DESCRIPTION OF THE TASK: Please give the data again in full, exactly as it reads.

DATA:
• • • • • • •

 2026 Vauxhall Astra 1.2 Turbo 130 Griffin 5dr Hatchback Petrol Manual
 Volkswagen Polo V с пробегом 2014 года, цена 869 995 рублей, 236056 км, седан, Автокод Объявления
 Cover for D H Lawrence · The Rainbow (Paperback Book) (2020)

• • • • • • •

WRITTEN ANSWER:
 2026 Vauxhall Astra 1.2 Turbo 130 Griffin 5dr Hatchback Petrol Manual
 Volkswagen Polo V с пробегом 2014 года, цена 869 995 рублей, 236056 км, седан, Автокод Объявления
 Cover for D H Lawrence · The Rainbow (Paperback Book) (2020)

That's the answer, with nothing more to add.